Supplied records ▸
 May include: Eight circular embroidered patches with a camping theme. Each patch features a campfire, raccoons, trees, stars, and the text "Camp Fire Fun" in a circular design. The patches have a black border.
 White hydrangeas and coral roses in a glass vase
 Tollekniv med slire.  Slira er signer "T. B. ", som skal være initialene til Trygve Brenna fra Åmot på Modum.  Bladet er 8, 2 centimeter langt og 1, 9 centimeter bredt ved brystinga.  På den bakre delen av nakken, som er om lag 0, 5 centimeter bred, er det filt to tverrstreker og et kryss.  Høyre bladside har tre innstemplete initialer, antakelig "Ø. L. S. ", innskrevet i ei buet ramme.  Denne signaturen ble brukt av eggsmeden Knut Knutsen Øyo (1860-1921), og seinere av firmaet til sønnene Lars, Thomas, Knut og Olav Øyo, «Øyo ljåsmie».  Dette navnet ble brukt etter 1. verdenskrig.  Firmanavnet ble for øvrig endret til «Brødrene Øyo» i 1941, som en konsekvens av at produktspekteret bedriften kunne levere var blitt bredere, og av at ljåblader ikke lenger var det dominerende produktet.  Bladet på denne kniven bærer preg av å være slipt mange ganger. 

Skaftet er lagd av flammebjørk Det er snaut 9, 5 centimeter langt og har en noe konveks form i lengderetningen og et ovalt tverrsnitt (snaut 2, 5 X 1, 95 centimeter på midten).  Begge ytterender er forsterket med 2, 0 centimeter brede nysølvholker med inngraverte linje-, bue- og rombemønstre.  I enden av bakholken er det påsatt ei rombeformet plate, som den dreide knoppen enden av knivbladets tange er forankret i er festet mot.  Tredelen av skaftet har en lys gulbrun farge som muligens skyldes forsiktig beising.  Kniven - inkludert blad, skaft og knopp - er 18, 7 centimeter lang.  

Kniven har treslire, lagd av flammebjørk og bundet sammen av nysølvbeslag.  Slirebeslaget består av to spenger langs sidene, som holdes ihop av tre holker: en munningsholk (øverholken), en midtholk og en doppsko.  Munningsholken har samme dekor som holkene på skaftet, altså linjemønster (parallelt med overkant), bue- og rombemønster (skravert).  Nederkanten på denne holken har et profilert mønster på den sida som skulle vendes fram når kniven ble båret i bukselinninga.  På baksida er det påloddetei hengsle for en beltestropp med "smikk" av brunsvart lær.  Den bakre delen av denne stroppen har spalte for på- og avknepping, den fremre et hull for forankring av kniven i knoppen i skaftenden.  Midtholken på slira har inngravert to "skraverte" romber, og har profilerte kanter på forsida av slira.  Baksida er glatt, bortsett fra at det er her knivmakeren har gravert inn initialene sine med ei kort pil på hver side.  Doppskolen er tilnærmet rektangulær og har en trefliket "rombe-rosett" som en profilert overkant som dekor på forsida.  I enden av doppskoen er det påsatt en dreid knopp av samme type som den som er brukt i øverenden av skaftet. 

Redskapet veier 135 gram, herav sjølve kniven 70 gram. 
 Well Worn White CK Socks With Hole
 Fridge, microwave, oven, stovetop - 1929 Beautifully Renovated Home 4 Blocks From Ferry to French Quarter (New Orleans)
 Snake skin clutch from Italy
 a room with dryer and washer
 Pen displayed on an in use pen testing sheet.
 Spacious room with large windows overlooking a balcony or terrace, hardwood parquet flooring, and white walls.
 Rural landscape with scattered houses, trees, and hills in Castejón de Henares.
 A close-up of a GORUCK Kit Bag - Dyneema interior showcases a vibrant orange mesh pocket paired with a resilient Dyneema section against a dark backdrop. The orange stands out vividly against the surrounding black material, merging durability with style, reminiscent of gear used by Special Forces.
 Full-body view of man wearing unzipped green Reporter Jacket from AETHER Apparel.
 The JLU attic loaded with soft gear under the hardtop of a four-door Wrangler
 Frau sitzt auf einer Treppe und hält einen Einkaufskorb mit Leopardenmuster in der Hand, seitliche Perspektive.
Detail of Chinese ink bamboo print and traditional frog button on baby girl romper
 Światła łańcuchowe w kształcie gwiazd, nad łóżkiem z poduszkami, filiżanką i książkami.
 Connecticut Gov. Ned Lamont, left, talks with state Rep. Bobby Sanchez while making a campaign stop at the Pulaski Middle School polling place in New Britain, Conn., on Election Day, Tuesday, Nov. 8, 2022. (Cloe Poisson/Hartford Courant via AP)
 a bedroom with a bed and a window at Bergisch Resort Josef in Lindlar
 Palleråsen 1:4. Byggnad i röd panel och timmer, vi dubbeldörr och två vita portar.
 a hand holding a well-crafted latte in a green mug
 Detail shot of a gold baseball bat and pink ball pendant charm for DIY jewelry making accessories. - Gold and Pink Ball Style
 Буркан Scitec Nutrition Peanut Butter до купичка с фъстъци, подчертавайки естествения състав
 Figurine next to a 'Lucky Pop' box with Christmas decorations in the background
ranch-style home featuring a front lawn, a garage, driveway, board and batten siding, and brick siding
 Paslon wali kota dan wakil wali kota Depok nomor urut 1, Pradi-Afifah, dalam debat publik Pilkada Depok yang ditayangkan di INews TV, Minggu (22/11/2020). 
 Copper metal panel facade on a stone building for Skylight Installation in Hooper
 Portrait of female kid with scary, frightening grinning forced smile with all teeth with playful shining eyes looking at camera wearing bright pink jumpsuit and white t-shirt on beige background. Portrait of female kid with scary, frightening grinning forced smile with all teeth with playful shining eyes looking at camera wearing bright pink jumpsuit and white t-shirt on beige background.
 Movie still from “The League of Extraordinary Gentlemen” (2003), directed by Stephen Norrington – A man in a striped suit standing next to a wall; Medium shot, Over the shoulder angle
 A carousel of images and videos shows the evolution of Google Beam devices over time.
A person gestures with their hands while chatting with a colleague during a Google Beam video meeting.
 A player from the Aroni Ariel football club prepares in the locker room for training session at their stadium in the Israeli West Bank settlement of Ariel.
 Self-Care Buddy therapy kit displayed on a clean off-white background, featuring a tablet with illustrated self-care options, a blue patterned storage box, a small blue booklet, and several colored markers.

What the task asks ▸ In the listing above, find the line containing "Pen displayed on" and the line containing "Rural landscape with", then quote both, plus every line between them, exactly as written.

Task response ▸
 Pen displayed on an in use pen testing sheet.
 Spacious room with large windows overlooking a balcony or terrace, hardwood parquet flooring, and white walls.
 Rural landscape with scattered houses, trees, and hills in Castejón de Henares.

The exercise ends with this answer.